* [About this task]: Scan the entries line by line and return those with "Image".

--- Source data Enclosed Below ---

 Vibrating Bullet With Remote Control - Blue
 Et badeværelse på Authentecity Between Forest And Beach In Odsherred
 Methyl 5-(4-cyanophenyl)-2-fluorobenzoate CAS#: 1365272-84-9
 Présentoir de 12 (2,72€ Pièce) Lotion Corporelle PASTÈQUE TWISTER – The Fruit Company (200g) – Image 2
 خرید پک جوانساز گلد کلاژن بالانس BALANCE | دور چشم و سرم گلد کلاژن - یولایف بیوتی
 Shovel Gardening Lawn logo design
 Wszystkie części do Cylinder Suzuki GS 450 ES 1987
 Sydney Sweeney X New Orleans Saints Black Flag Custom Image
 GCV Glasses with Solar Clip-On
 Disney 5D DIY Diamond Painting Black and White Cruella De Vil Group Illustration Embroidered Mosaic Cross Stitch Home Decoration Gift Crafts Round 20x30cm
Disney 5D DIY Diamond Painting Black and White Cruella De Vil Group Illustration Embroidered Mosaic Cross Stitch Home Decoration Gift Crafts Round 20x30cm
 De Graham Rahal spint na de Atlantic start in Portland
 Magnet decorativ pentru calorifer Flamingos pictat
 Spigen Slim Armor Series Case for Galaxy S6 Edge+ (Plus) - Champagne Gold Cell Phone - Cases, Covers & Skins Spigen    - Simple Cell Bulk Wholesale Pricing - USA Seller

--- End of Enclosed Source data ---

* [Exercise output]:
 Présentoir de 12 (2,72€ Pièce) Lotion Corporelle PASTÈQUE TWISTER – The Fruit Company (200g) – Image 2
 Sydney Sweeney X New Orleans Saints Black Flag Custom Image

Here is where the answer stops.